● TASK DIRECTIONS
Only an exact repetition of the lines from the one holding "Clodio Guesthouse" to the end of the data is wanted, with pictures left out.

(RECORDS FOR PROCESSING)

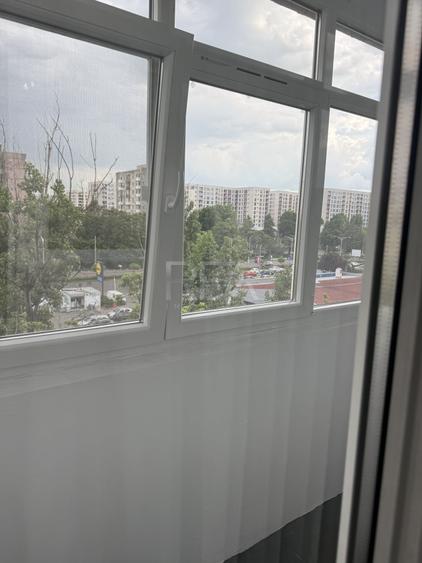 Apartament 3 Camere | Politehnica | Bloc 1978 | 2 Băi | Anvelopat - 18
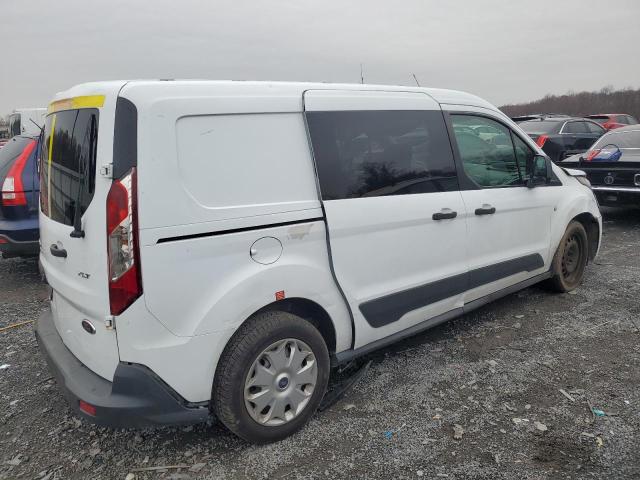 Photo 3 from auction – 2015 FORD TRANSIT CO with VIN NM0LS7F72F1222172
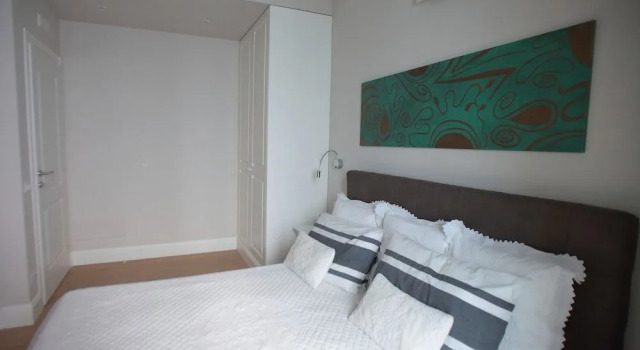 Clodio Guesthouse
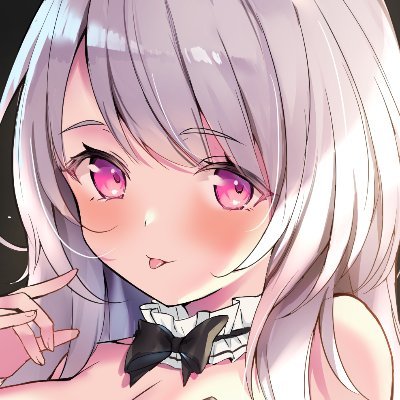 纲野ぴこん
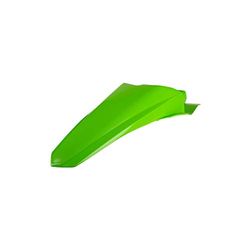 Polisport Rear Fender Kawasaki Kx85/100 14-20 One Size
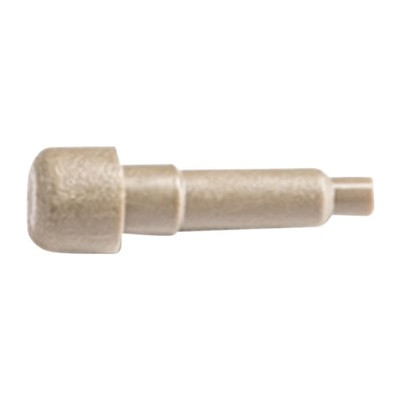 Glock Factory Spring Loaded Bearing Glock 10mm & 45acp Non-LCI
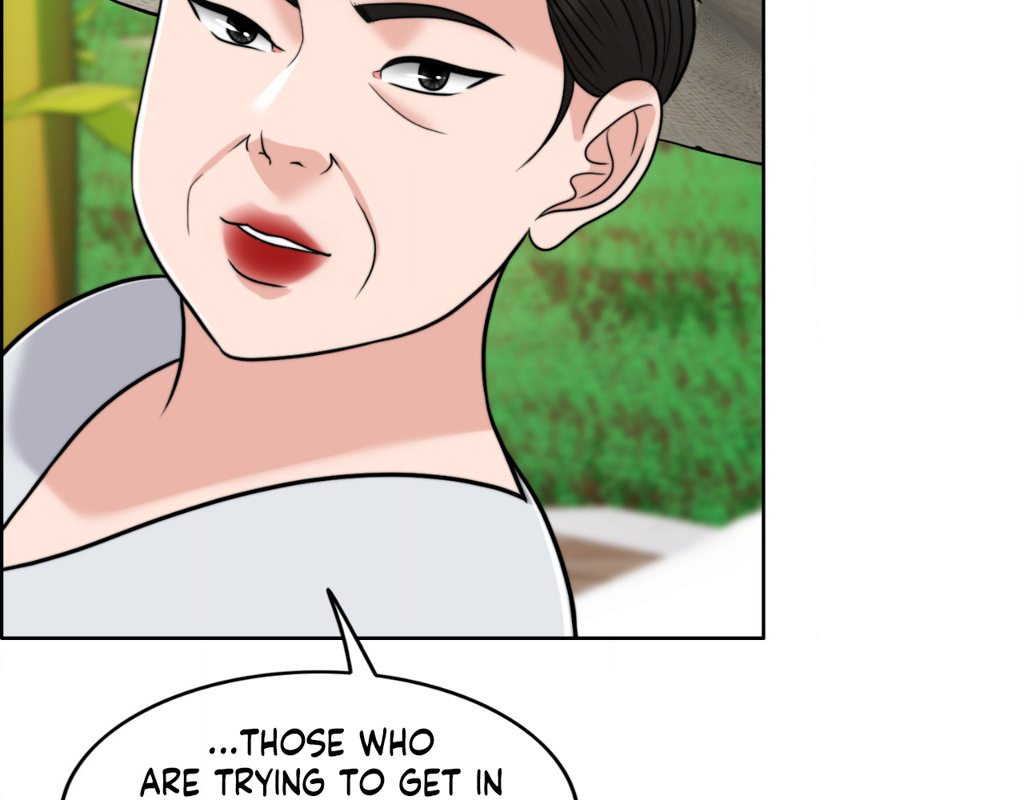 Wife for 1000 Days - Chapter 75 - picture 38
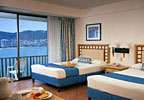 Hotel Holiday Inn Resort Acapulco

(End RECORDS FOR PROCESSING)

● REPLY
 Clodio Guesthouse
 纲野ぴこん
 Polisport Rear Fender Kawasaki Kx85/100 14-20 One Size
 Glock Factory Spring Loaded Bearing Glock 10mm & 45acp Non-LCI
 Wife for 1000 Days - Chapter 75 - picture 38
 Hotel Holiday Inn Resort Acapulco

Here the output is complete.